PASSAGE 2 - QTIP, How Important Is it?
CTC
I used to feel very hurt if anyone gave me an angry look, spoke in a harsh tone, or didn’t speak at all. I’ve grown up enough in Al-Anon to realize that the look, tone, or mood of another person toward me often has nothing to do with me. It generally has more to do with what is going on inside the other person.
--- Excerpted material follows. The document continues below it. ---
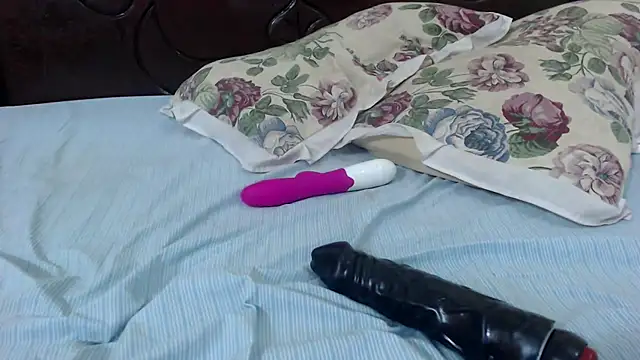 Snapshot of emmytease chatting on 04.14.26 emmytease online show from 04.14.26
So why do my feelings still get hurt? It occurs to me that extreme sensitivity is a form of conceit – I think I am the focus of everyone’s actions. Am I so important that everything that goes on around me must have something to do with me? I suspect that attitude reflects my vanity instead of reality. And Vanity is simply a defect of character that I am working on changing.
With Al-Anon’s help, my sensitivity to all that happens around me has greatly lessened. I try to ask myself, “How important is it?” When I do carry the hurt, it only hurts and controls me.

Today’s Reminder
Other people are important to me, and sometimes their opinions matter, but I may be taking something personally that has nothing to do with me. Having opinions of my own about myself lets me accept other people’s thoughts without being controlled by them.
“It was through going to meetings and the daily readings of Al-Anon literature that I awakened to the fact that what other people did and said reflected on them; what I did and said reflected on me.” Living with Sobriety


** Some of this I'm going to add to my Step 1 post on controlling others opinions.  

I also have to note that L is just in the CUTEST stage imaginable.  I feel like I always say that.  But, she talks like a little bird or imaginary creature (it's so cute) and is really into bringing me objects she takes from her sister (like markers) with huge delight.  She still toddles instead of runs and has been playing ball with me while I write this.  I roll it to her and she shrieks with joy and then walks it back to me.  Gets back in position and I say, "1, 2, 3" and roll it to her.  repeated joy.  Just soooooo adorable!  It's really more like fetch, but will turn into catch, once she gets older.  




PASSAGE 3 - Let go and let God, Step 1
HFT
"When I heard 'Let Go and Let God' for the first time, it didn't make sense to me. Let go of what? And let God do what? The little I did understand was the futility of my efforts to try to control other people, places, and things. Al-Anon told me I could turn my attention to monitoring myself and my reactions.

I let go of other people and I began to feel some relief. I let go of what others said or didn't say, and what they did or didn't do. I let go of my expectations. I no longer felt a need to be a people-pleaser. As I let go, I found I lived more harmoniously with myself and with others. I began to take more responsibility for myself. I figured if I could accept myself, I could accept other people too.
I let go of outcomes. It was okay if things didn't go the way I envisioned. Sometimes the results were better than I anticipated. It was no longer important that others read from the script that my expectations had written.


As I let go, I learned I could let God. 'Letting God' doesn't mean I abdicate my responsibilities. In fact, I become more accountable for myself. 'Letting God' indicates that I accept my imperfections and grow toward the person I dream I can be. 'Letting go and letting God' means I can enjoy being responsible for what is rightfully mine and leave the rest to God.

Thought for the Day
'Let go' comes before 'let God' for a reason. I can't expect God to do anything if I am still holding onto my problem.
'When we put this slogan to work, we get out of the way.' How Al-Anon Works for Families & Friends of Alcoholics, p. 76"



**Well, isn't this timely?  Tomorrow is my meeting with my sponsor.  She asked me to do the exercises and then compile what Step 1 means to me.

On another note, J woke up this morning, looked outside and said, "Hello World!"  Very similar to how I do, every morning.  If I can teach them gratitude, it will be the greatest gift.

And to end....


El éxito y el fracaso son dos impostores.   Success and failure are two impostors.
Jorge Luis Borges
 


1 comments:

  1. I love everything in this post. So relevant. And your girls are adorable. :) Why don't you get to see the mountains anymore?